Sydney, 1995. The death of schoolgirl Anna Wood propels ecstasy to the front page of Melbourne's Herald Sun newspaper. The tabloid runs a two-page exposé on the city's 'deadly' rave culture inciting moral panic over its claims evil drug pushers are peddling to children as young as 15. While ecstasy rarely kills anyone directly, Melbourne's raving folklore is filled with sad stories of suicides, overdoses and lives irreparably damaged through excess. The media might have been late to the party but the police had gatecrashed years earlier, culminating in the 1994 Tasty Raid where officers strip-searched all of the 463 patrons, most of whom where gay or lesbian. Meanwhile, the lure of easy cash draws in Melbourne's mafia who take over the supply of ecstasy to Melbourne’s partygoers. Rave promoters quickly learn that to be successful they need to go legit. The investment soon pays off - by the end of the nineties, raves are pulling in thousands of people every weekend. But as Melbourne’s raving organism adapts to internal and external influences, natural selection favours a series of mutations that renders the resultant scene almost unrecognisable from its pill-chomping hug-loving ancestor…

Chapter Ten: Two Tribes

 

Muzzas, subcultural capital, music genres, NRG, Hard Kandy, Bass Station, Monkey, Mansion, Storey Hall, Brown Alley, CBD nightclub, WetMusik, minimal techno, progressive house, tech house, alcohol, pills, bad drugs, GHB, competition, Richard and Hydi John, poster wars, gentrification, Internet, Bertie Street, Kryal Kastle, tekno, Filter, Lounge, Mad Rod, Rudeboy, Teriyaki Anarki Saki, Jason Platts, Dee Dee, Ollie Olsen, Psy Harmonics, Andrez Bergen, Devil Fish, If?, Earthcore, Spiro Boursine, Karl Fitzgerald, Frank Venuto, Krusty, Sugar, Green Ant, Rainbow Serpent Festival, bush doof, psytrance, tekno activism, Reclaim the Streets, Aaron Roach, digital music production, Melbourne Bounce, Melbourne Bangers, EDM.

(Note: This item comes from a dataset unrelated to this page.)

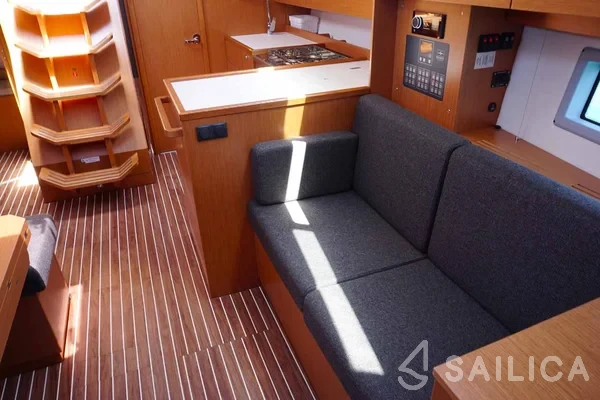 Bavaria C38 - Yacht Charter Sailica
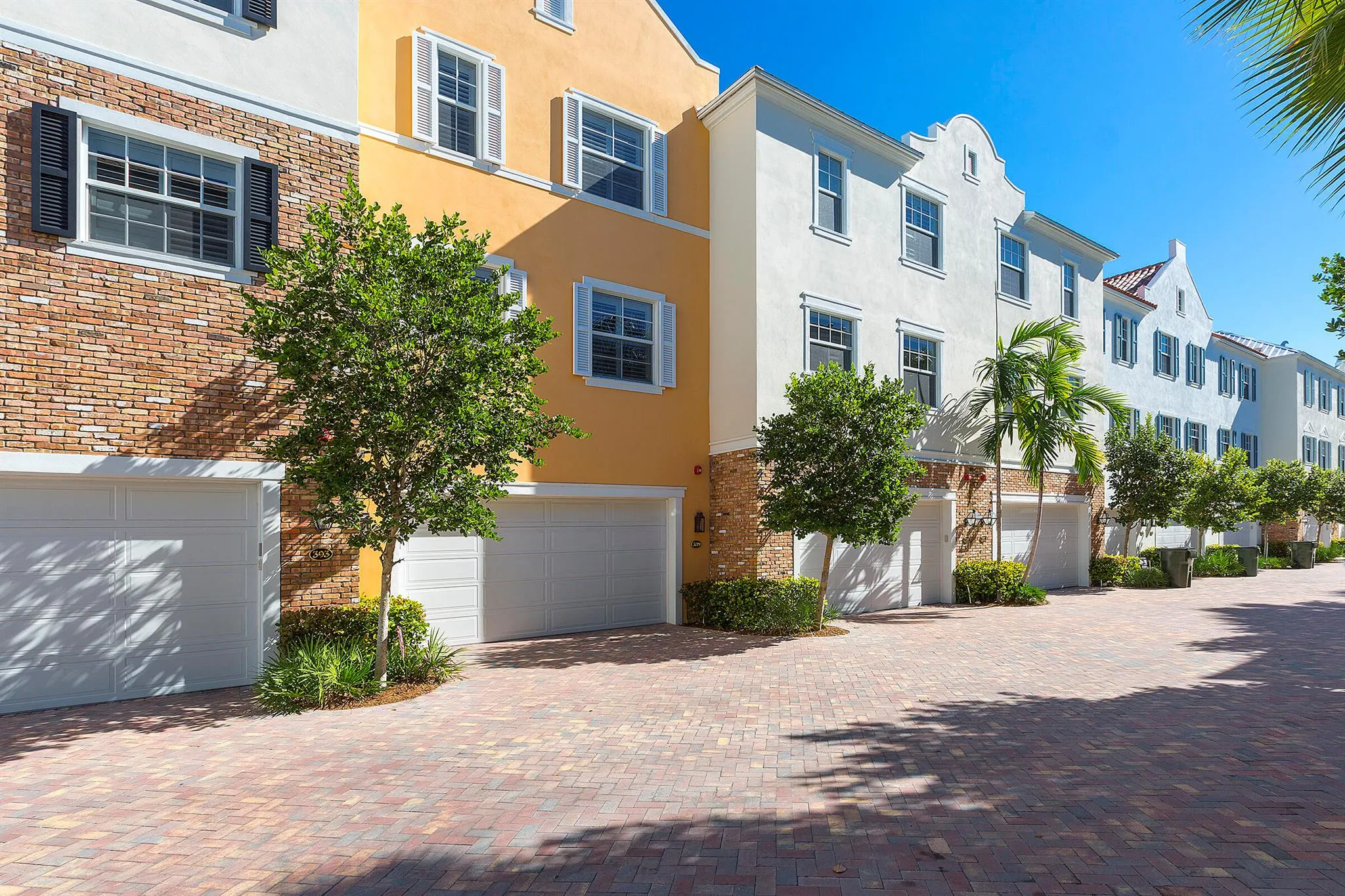 389 E Cannery Row Circle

Melbourne, 2000. Rave has become commoditised, packaged up and sold to a new generation of consumers. The Internet has arrived, alcohol has returned and beloved venues fall prey to the unstoppable force of gentrification. The intimacy has gone and not everyone is feeling the love. Battlelines emerge between an old school desperate to hold on to their precious subcultural capital and young kids who just want to party and have a good time. Once where there was unity and cooperation, there is now rivalry and nastiness. But peel back rave’s glossy commercial surface and you can still see the underground’s beating heart. Mad Rod and Rudeboy dish up acid techno and drag shows at Club Filter while the Teriyaki crew embrace a broad range of cutting-edge techno styles. In the hills around Melbourne, the gum trees rattle with repetitive beats while techno activists take their sound systems to the streets to protest against injustice. Today, almost thirty years after it all began, Melbourne techno carries a rich and diverse legacy. Listen to any top 40 dance track and the chances are you’ll hear the ghost of nineties techno rippling through the mangled vocals and cheesy piano chords. Much has changed but in the minds of Melbourne’s old skool one thing stays the same: a fondness for fun times, lifelong friendships and a gratitude for having been in the right place at the right time.